L’amara disposizione, conseguenza della crisi economica internazionale che avrebbe inciso negativamente sul rendimento dell’attività, è frutto della scelta da parte della società di andare via dall’Italia. «C’è una buona percentuale di marchi internazionali – spiega Domenica Calabrò, segretaria generale Fisascat Cisl Sicilia – che lasciano la Sicilia. Bisogna capire perché, dato che è una terra che offre sgravi fiscali e una serie di opportunità per le aziende». La notizia inaspettata della chiusura totale dei punti vendita siciliani lascia profondamente amareggiata la segretaria generale che commenta: «È stato un fulmine a ciel sereno, nulla faceva presagire un simile epilogo».

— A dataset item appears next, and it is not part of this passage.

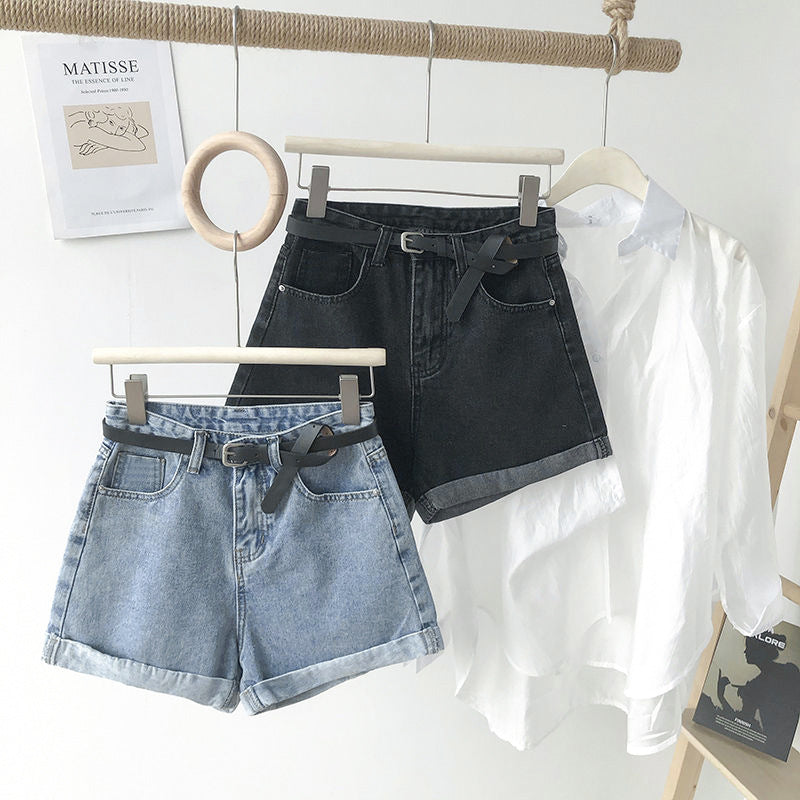 Women's High-Waist Rolled Hem Wide-Leg Denim Shorts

Ma intanto la nuova procedura di licenziamento collettivo mette a rischio 19 posti lavoro. «Non è possibile – sottolinea – che a farne le spese siano i lavoratori, soprattutto in Sicilia dove, a differenza dei dipendenti del Nord che, pur tra mille disagi, riescono a trovare un’altra collocazione, è difficile cercare un nuovo impiego». Ad aggravare ulteriormente la situazione, ci tiene a precisare Calabrò, «subentra il fatto che le famiglie siciliane sono in maggioranza monoreddito, quindi il licenziamento di un dipendente significa la rovina economica di un intero nucleo familiare». Per questa ragione, nel corso dell’esame congiunto che sarà avviato a livello nazionale, «cercheremo di trovare soluzioni nell’interesse dei lavoratori e a tutela dei loro diritti», conclude.